You can use the checksum_dni_es.lua script with the number_dni_es.ecr grammar file to validate Spanish Documento Nacional de Identidad (national identity card) numbers.

Dutch Citizen Service Number Validation

You can use the checksum_bsn_nl.lua script with the number_bsn_nl.ecr grammar file to validate Dutch Citizen Service Numbers (Burgerservicenummer, or BSNs).

Geographical Coordinate Standardization

You can use the lat_long.lua script with the place_lat_long.ecr grammar file to convert and standardize the output of geographical coordinates.

Date and Time Standardization

You can use the datetime.lua script with the datetime_advanced_eng.ecr grammar file to convert and standardize the output of dates and times (and ranges) in English into a standardized format in cases where there are matches on several formats. For example, you can convert both 23/11/13 and Nov 23 2013 to 2013-11-23.

The datetime_advanced_eng.ecr grammar file can understand English natural language dates, and relative dates such as last Saturday morning. You can optionally provide a reference date for <today> in the Lua script to customize normalization of relative dates into standard formats, by using the following user parameter:

refdate

A date in ISO YYYY-MM-DD format.

If you do not set refdate, Eduction uses the current date as <today>.

For date and time range matches, this script sets the normalized text to <start>/<end>, and additionally adds STARTPOINT and ENDPOINT components that contain the associated dates or times. When there is a multiple date match (for example, 5th and 8th July matches as 5th July and 8th July), the script returns a comma-separated list, with a POINT component for each date.

For contextual date matches (such as two days after), the script includes the following optional parameters, which allow you to discard matches where the closest contextual date is too far away from the match:

contextmaxdistance Discard contextual matches that occur more than this many characters from the last date match.
contextpenaltydistance Reduce the score for matches that lie between this distance and the maximum cut-off (contextmaxdistance).

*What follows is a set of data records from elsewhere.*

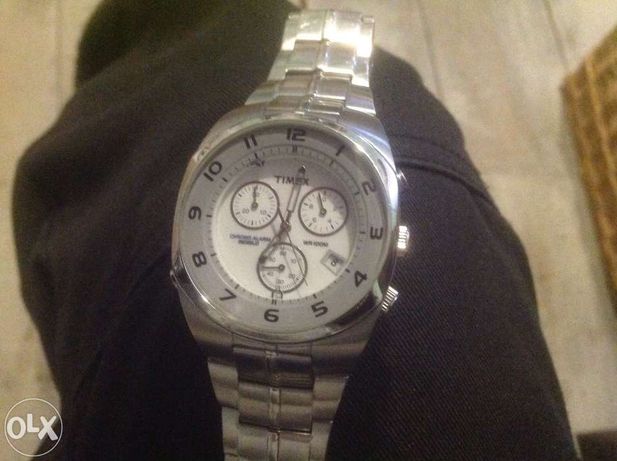 Ceas Timex cadran alb, chronograph, in stare perfecta.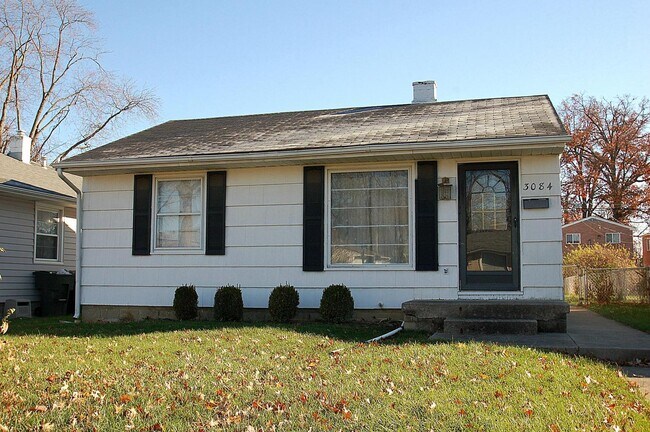 exterior - 3084 Pontiac St House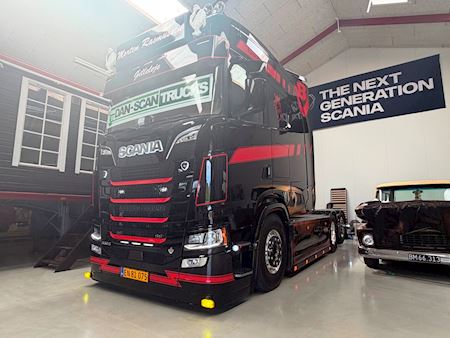 Scania NY S660 6x2 3950mm Hydr. og plysset Trækker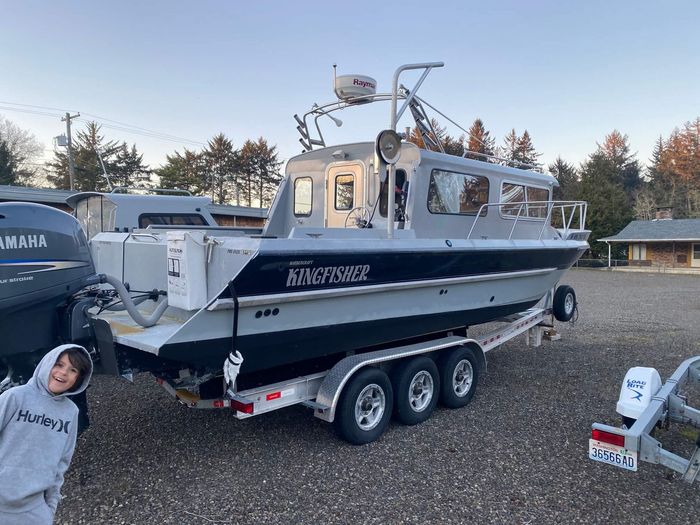 Kingfisher is the boat used in SeaWalker Charters fishing charter trips for salmon, halibut, bottom and tuna fishing.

This optional applies a linear reduction, which scales to zero at the maximum distance.

Filter Matches by Case

You can use the case_filter.lua example script to filter out matches by case, for example in personal name grammars.

To use this option, you must set MatchCase to False for the grammar. The script filters out any match that is not one of:

  • an exact match as specified in the grammar.
  • an upper case match (for example, JANE SMITH).
  • a title case match (for example Jane Smith).

NOTE: You might need to update this script to include case mappings for uncommon non-ASCII characters. The script provides sample mappings for common Latin characters with diacritics.